WHAT YOU WILL DO: The task calls for an exact retyping of the lines from the one holding "Justin Allgaier overcomes" through the end of the listing, with pictures omitted and nothing added.

RAW DATA:
·····

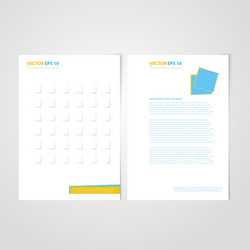 Flyer template back and front design vector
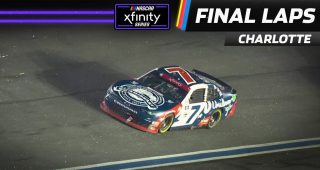 Justin Allgaier overcomes weather, gets first Charlotte win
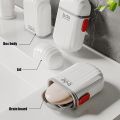 Soap Dish Travel | Sealed Small Soap Box - Travel Soap Bar Container, Bar Soap Box Holder for Soap Storage of All Sizes. 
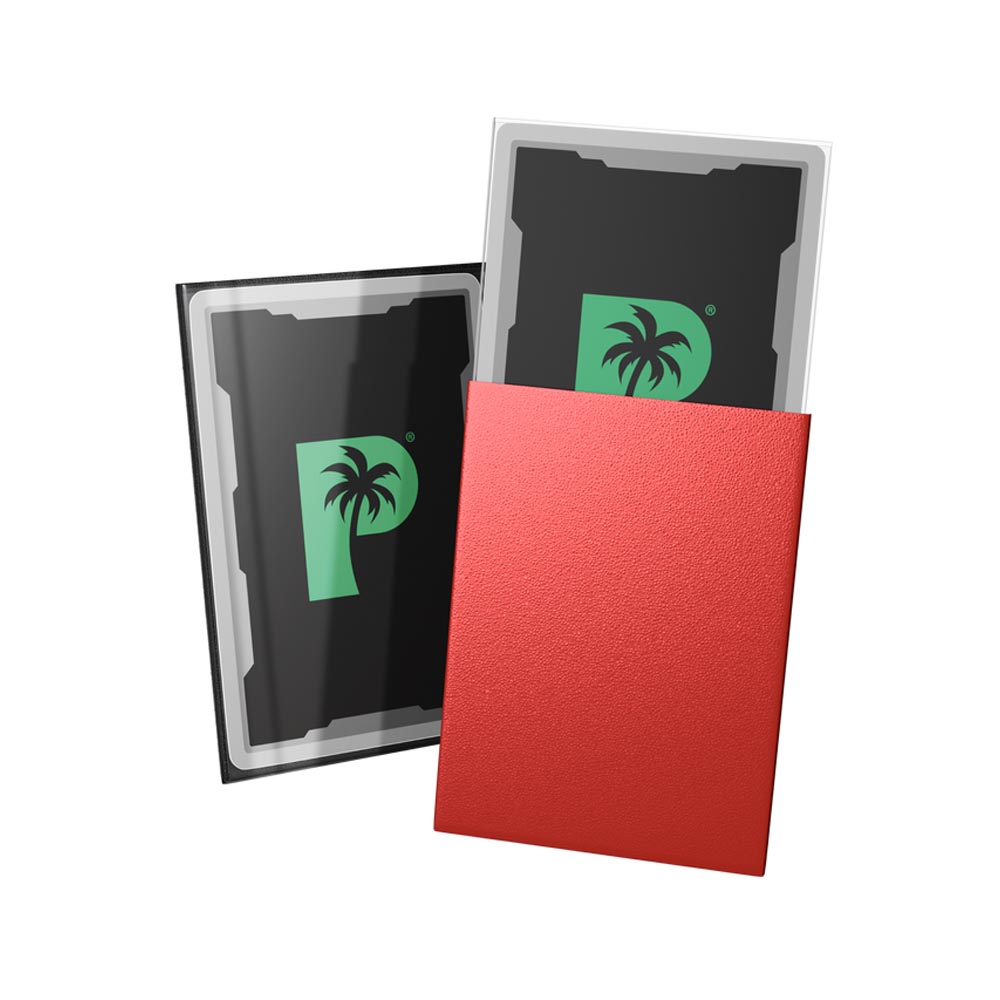 Palms Off Gaming - Blackout Deck Sleeves 100pk - Standard Size - Red - Packshot 2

·····

YOUR SOLUTION:
 Justin Allgaier overcomes weather, gets first Charlotte win
 Soap Dish Travel | Sealed Small Soap Box - Travel Soap Bar Container, Bar Soap Box Holder for Soap Storage of All Sizes. 
 Palms Off Gaming - Blackout Deck Sleeves 100pk - Standard Size - Red - Packshot 2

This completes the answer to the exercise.